Moundiaye Cissé ne partage pas l’avis du pénaliste. Le président de l’Ong, 3D (Démocratie, Droit humain, Développement) ne souhaite aucunement que Yahya Jammeh soit jugé au Sénégal. Il pense que l’ancien chef d’État doit être jugé chez lui en Gambie où il aurait commis les faits dont il est accusé. «L’endroit idéal pour le juger c’est son pays, en Gambie, si on veut garantir un procès équitable et juste. Les anciens Présidents ne doivent pas être jugés hors de chez eux. Ils doivent être jugés dans leur pays où ils ont commis les actes pour lesquels ils sont poursuivis», soutient le défenseur des droits de l’homme.
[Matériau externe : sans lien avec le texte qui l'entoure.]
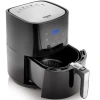 Аэрофритюрница Schafer Fit Fry Digital Hot Air Fryer 8699131863657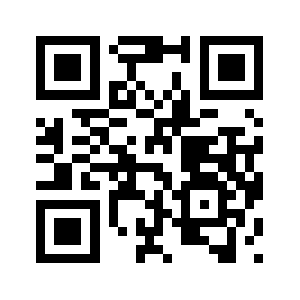 3717briscoe.com QR code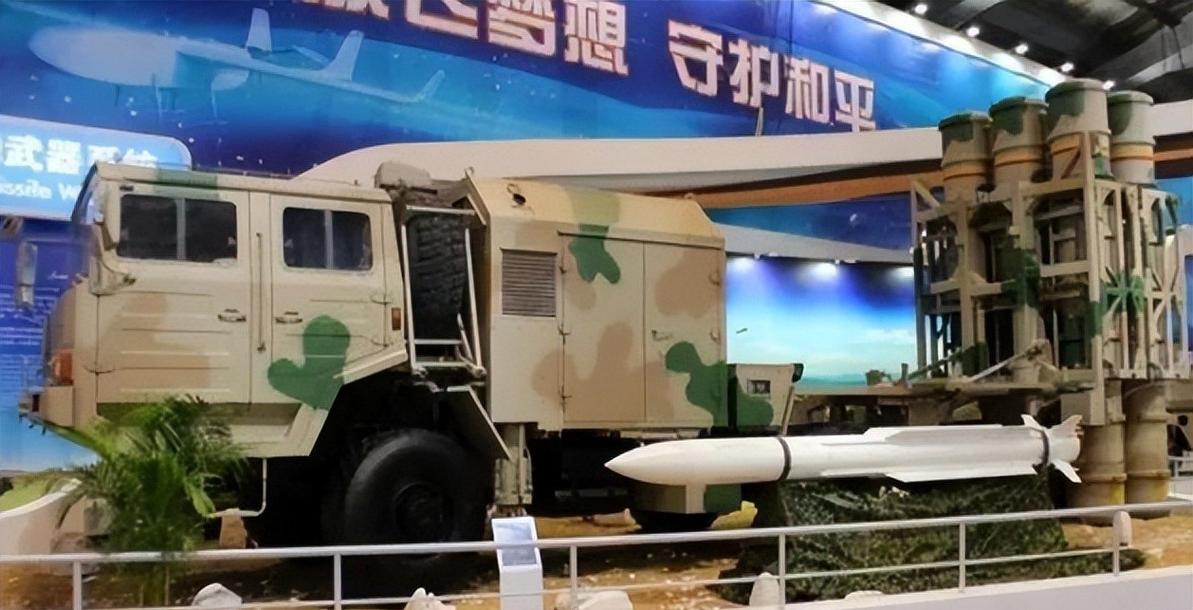 猎鹰无人机科技有何核心竞争力?-图2 猎鹰无人机科技有何核心竞争力?-图2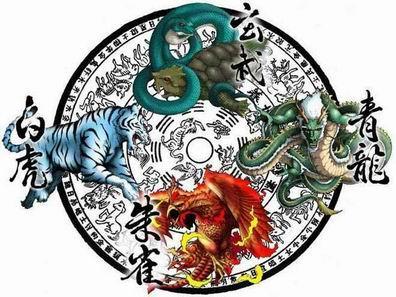 《上古神兽》 免費零撸 火爆预热！-汇一线首码网
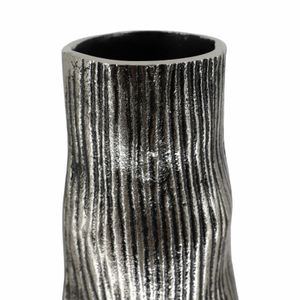 TATUMBURN GRAY VASE 20 (IN) 7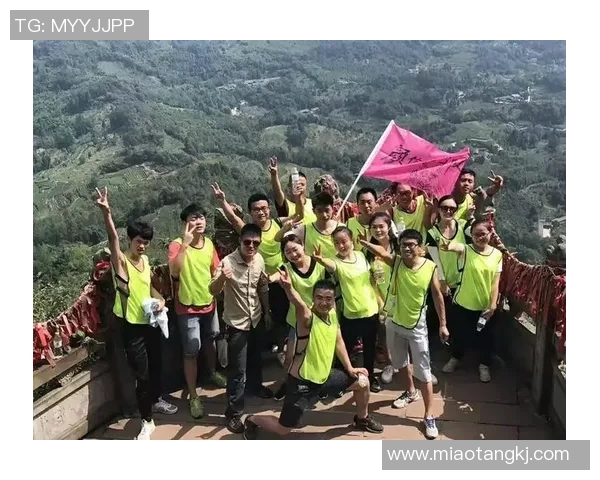 杭州乒乓球队荣登团队协作排行榜第一名展现卓越实力与默契配合
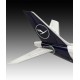AIRBUS A330-300 LUFTHANSA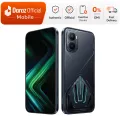 Infinix GT 50 Pro 12GB / 256GB. 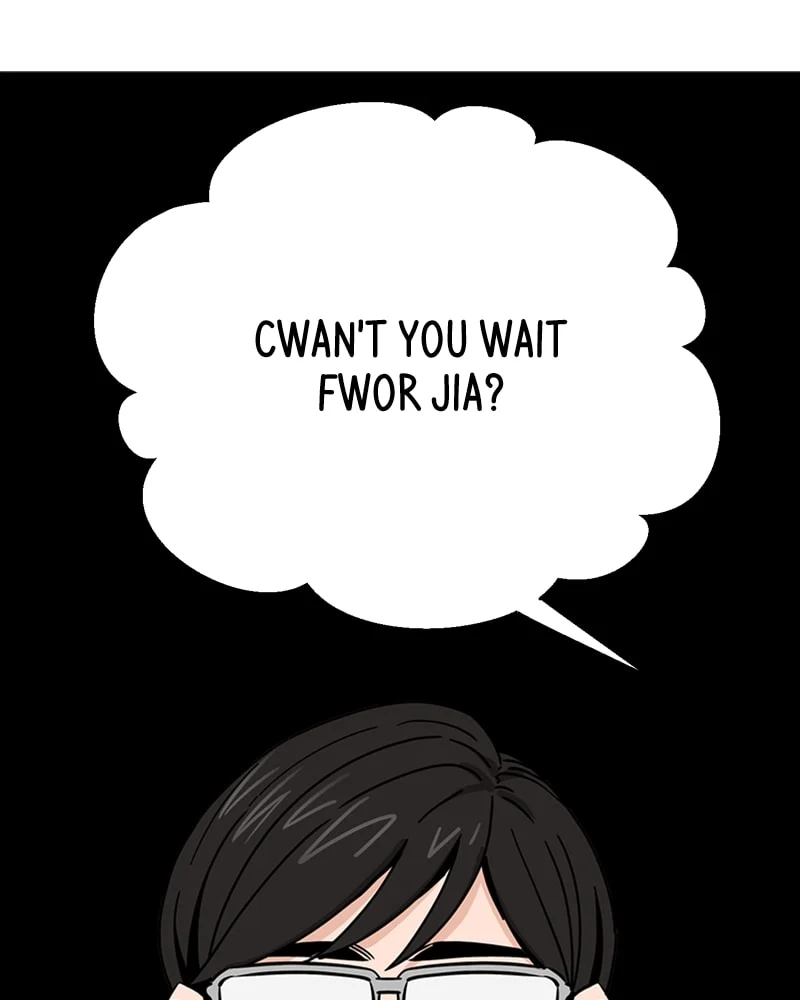 Page 81 of Chapter 52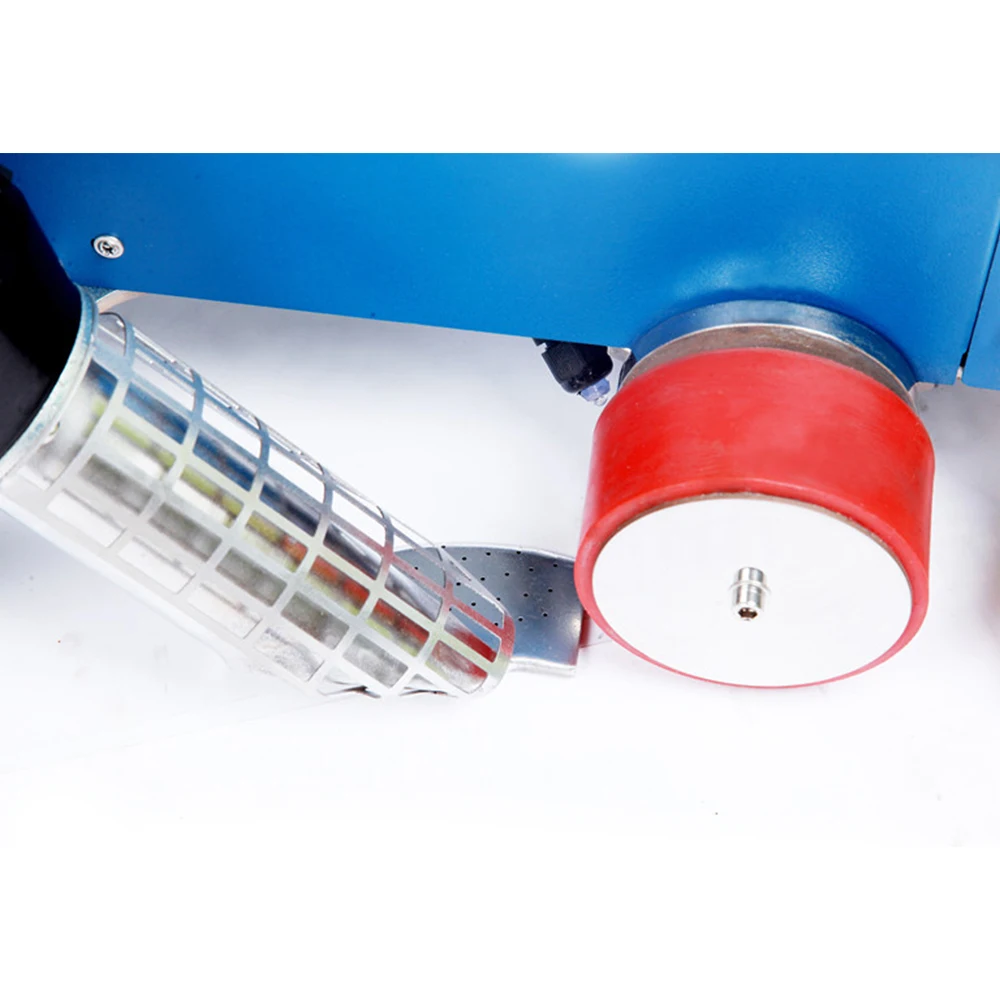 Мощный ПВХ-тент, брезентовый сварочный аппарат, сварочный канат, Сварочная веревка для рекламных баннеров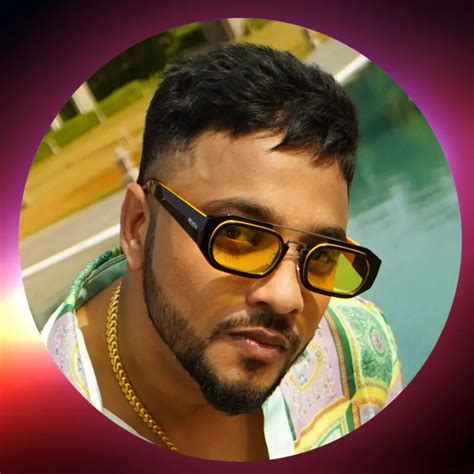 Raftaar Songs Download: Raftaar New Songs MP3 Free Online on Gaana.com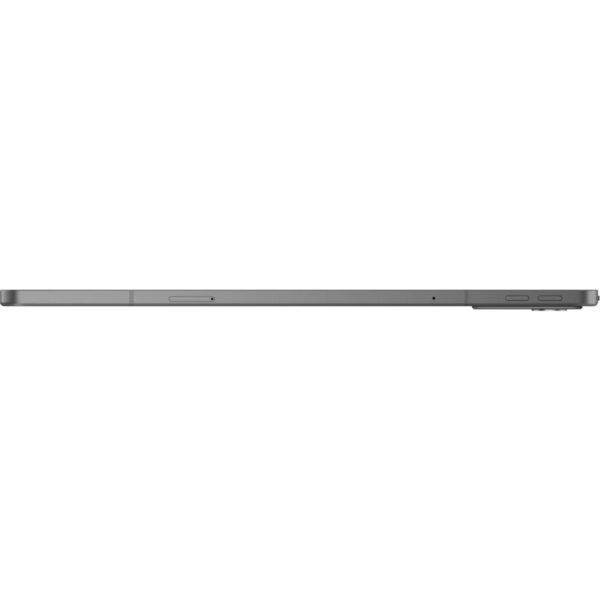 Lenovo Tab K11 Gen 2 8GB 128GB Depolama 11″ 2.5K (2560X1600) 90Hz Wi-Fi + LTE IPS IP52 Android Tablet ZAFN0132TR Folio Kılıf + Kalem + (Sim Kart Uyumlu)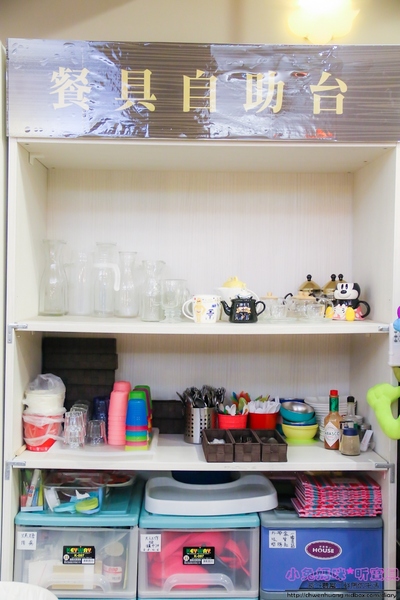 cm20170211___013da27fc465aa0bd6a6d3efefd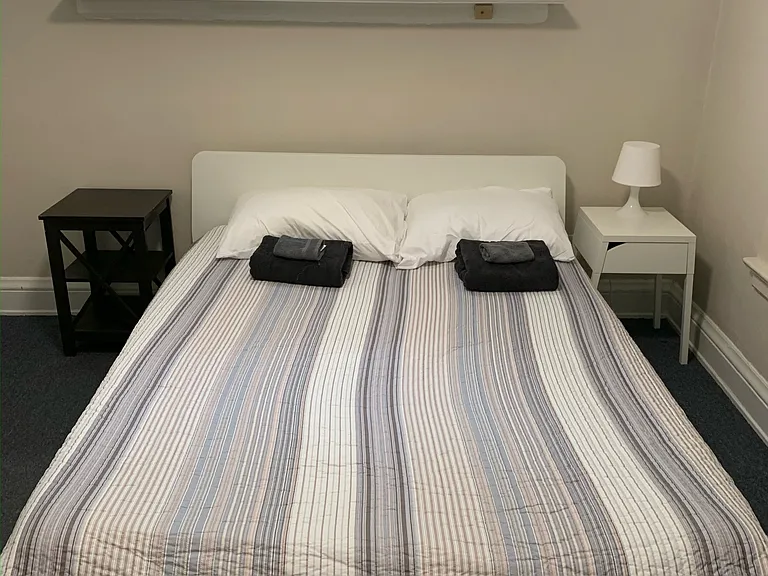 11 West St #1 — Photo 9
Revenant sur le procès de Hissène Habré qui s’est tenu au Sénégal, Moundiaye soutient que les circonstances ne sont pas les mêmes. «Hissène Habré s’était réfugié au Sénégal qui a bien voulu l’accueillir. Il résidait au Sénégal. En plus, Yahya Jammeh ne fait pas confiance au Sénégal, pourquoi vouloir le juger ici ? Pourquoi pas en Côte d’Ivoire, au Mali ou ailleurs ? », s’interroge Moundiaye Cissé.